Decir que nuestra sociedad no soporta frustraciones es casi igual a decir que nuestra sociedad es caprichosa: ante el primer contratiempo, patalea, grita y llora como un niño malcriado. Aquí en la Argentina, la experiencia de haber vivido tantos años en el silencio antinatural de la dictadura ha supuesto que nos pasemos al otro extremo. Ahora padecemos algo que podría calificarse de protestismo. Protestamos por cualquier cosa, a viva voz y en la calle. La semana pasada, haciendo fila en un banco (¿habrá cosa más odiosa que las filas y que los bancos?), un hombre que esperaba detrás de mí protestó porque una mujer se acercó a la ventanilla a formular una pregunta. El hombre sugirió que la mujer debía preguntar en el sector de informaciones; el problema es que la mujer ya lo había hecho y sin obtener satisfacción, de lo que daban fe otros que estaban más atrás en la fila. Pudiendo haberle preguntado a la mujer si no había intentado en Informaciones, el hombre eligió quejarse, lo cual demostró que estaba más dispuesto a protestar que a saber, o a tender su mano al otro.

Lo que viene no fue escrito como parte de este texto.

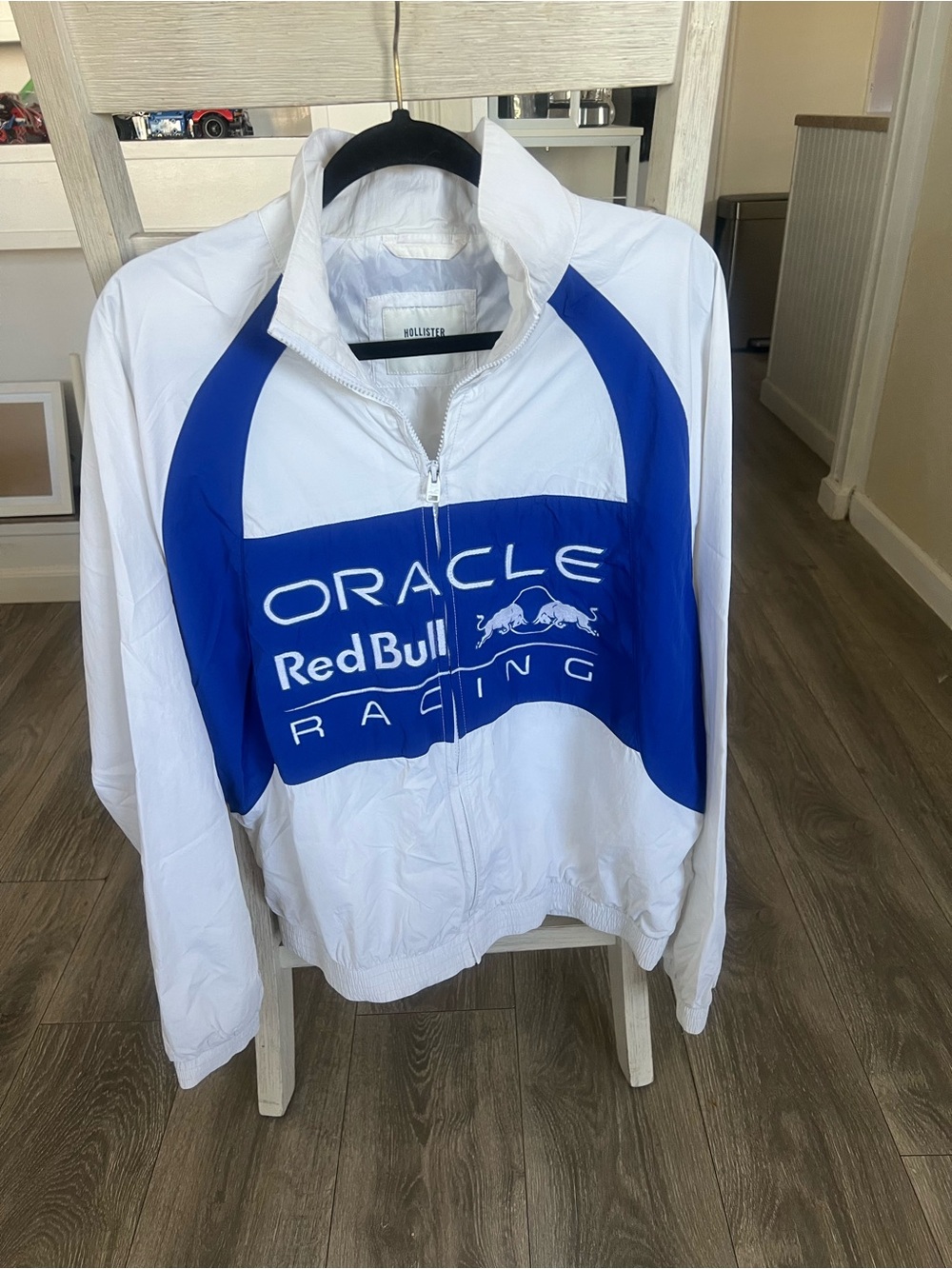 Hollister White and Blue Oracle Red Bull Racing Zip Jacket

Del mismo modo, un reclamo gremial paralizó días atrás la totalidad del servicio de transporte subterráneo, lo cual supuso, según cifras difundidas por los medios, que un millón de trabajadores de Buenos Aires sufriesen contratiempos para llegar a la oficina y para regresar a sus casas. Por supuesto, este es un tema complejo que no pretendo agotar aquí, ya que muchas de las causas de los reclamos son justas y a menudo entrañan intrigas políticas de entramado veneciano. (Este caso de los subterráneos, por ejemplo, es otra muestra de los representantes de la vieja política montándose sobre prácticas nuevas y practicando el neopiqueterismo.) Todo lo que me importa aquí es subrayar la naturalidad con que la sociedad asume que mi propia frustración es motivo suficiente para que yo me lance a frustrar a otros, aun cuando la lógica indica que me sería más beneficioso no alienar a la opinión pública con cuyo apoyo me convendría contar.
No olvidemos que aunque la sociedad no nos enseña a lidiar con la frustración, sí nos enseña a sublimarla. Cuando se siente frustrada, la mayor parte de la gente se compra algo nuevo. La opción, tal como la describía una canción del desaparecido grupo Fricción, es consumación o consumo. Si no logro consumar lo que deseo, procedo a consumir. Y si no tengo dinero para consumir, siempre me queda la opción de salir a la calle a cortar el tránsito, o de tomar las aulas para evitar una votación que no me gusta, como también ocurre en estos días en la Universidad de Buenos Aires, escenario de una batalla en torno del puesto del nuevo rector.
Una de las pocas ventajas que tenemos los artistas es la de nuestra profusa experiencia en materia de frustraciones; todo artista es, antes que nada, un artista de la frustración. Debemos someter nuestras obras al arbitrio de gente poderosa cuyo criterio no siempre compartimos, para después quedar librados al juicio del público –que puede no llegar nunca, si no hemos conseguido que el público se entere de que existimos mediante imprescindibles mecanismos de difusión y propaganda que casi siempre escapan de nuestras manos. Por eso yo, además de comprar, entreno. Me descargo tirando con el arco y masacrando a golpes el punching-ball instalado en mi patio, y después voy al gimnasio. Corro. Levanto pesas. Por suerte no me va tan mal, porque de otro modo a esta altura ya habría dejado a Schwarzenneger al nivel de Roberto Benigni.
El truco no está en evitar caer, sino en tener la convicción necesaria para volver a levantarse.